- _Your assignment_
What you return should match the data below exactly, with no pictures in it.

- _Provided material_
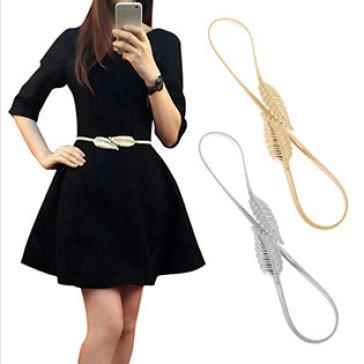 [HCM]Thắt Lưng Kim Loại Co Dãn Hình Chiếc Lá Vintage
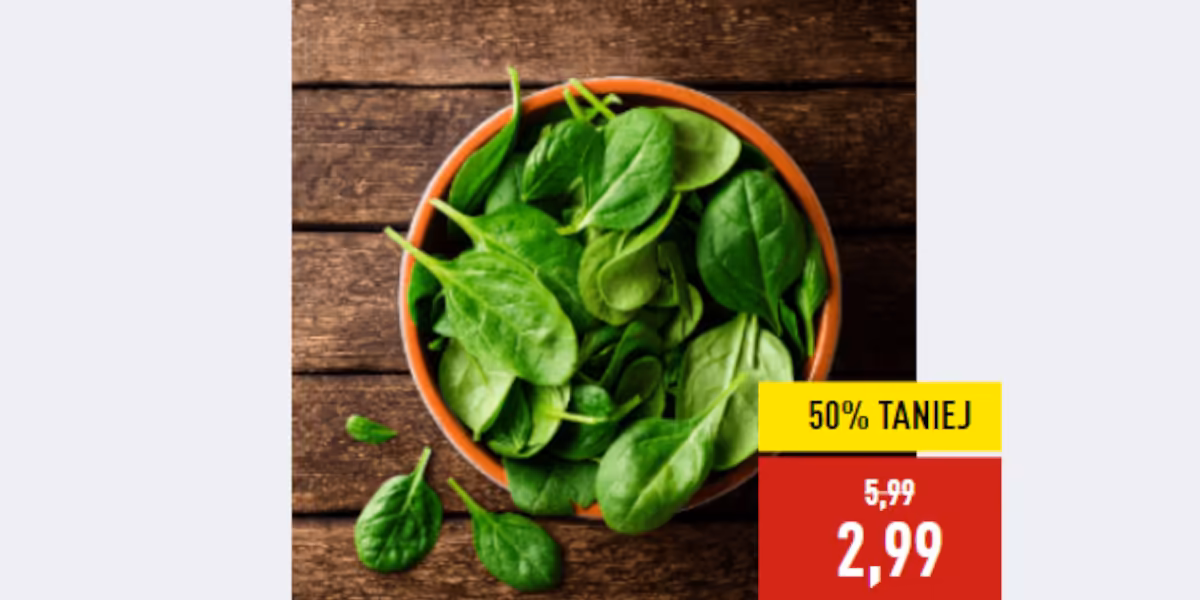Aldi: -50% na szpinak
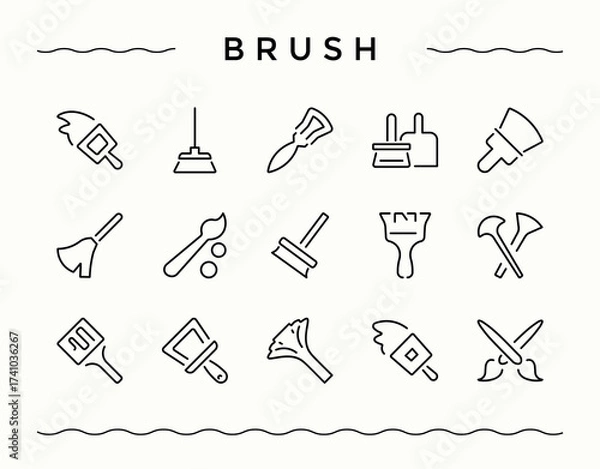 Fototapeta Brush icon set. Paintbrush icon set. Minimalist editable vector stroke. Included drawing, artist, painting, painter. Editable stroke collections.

- _Written response_
 [HCM]Thắt Lưng Kim Loại Co Dãn Hình Chiếc Lá Vintage
Aldi: -50% na szpinak
 Fototapeta Brush icon set. Paintbrush icon set. Minimalist editable vector stroke. Included drawing, artist, painting, painter. Editable stroke collections.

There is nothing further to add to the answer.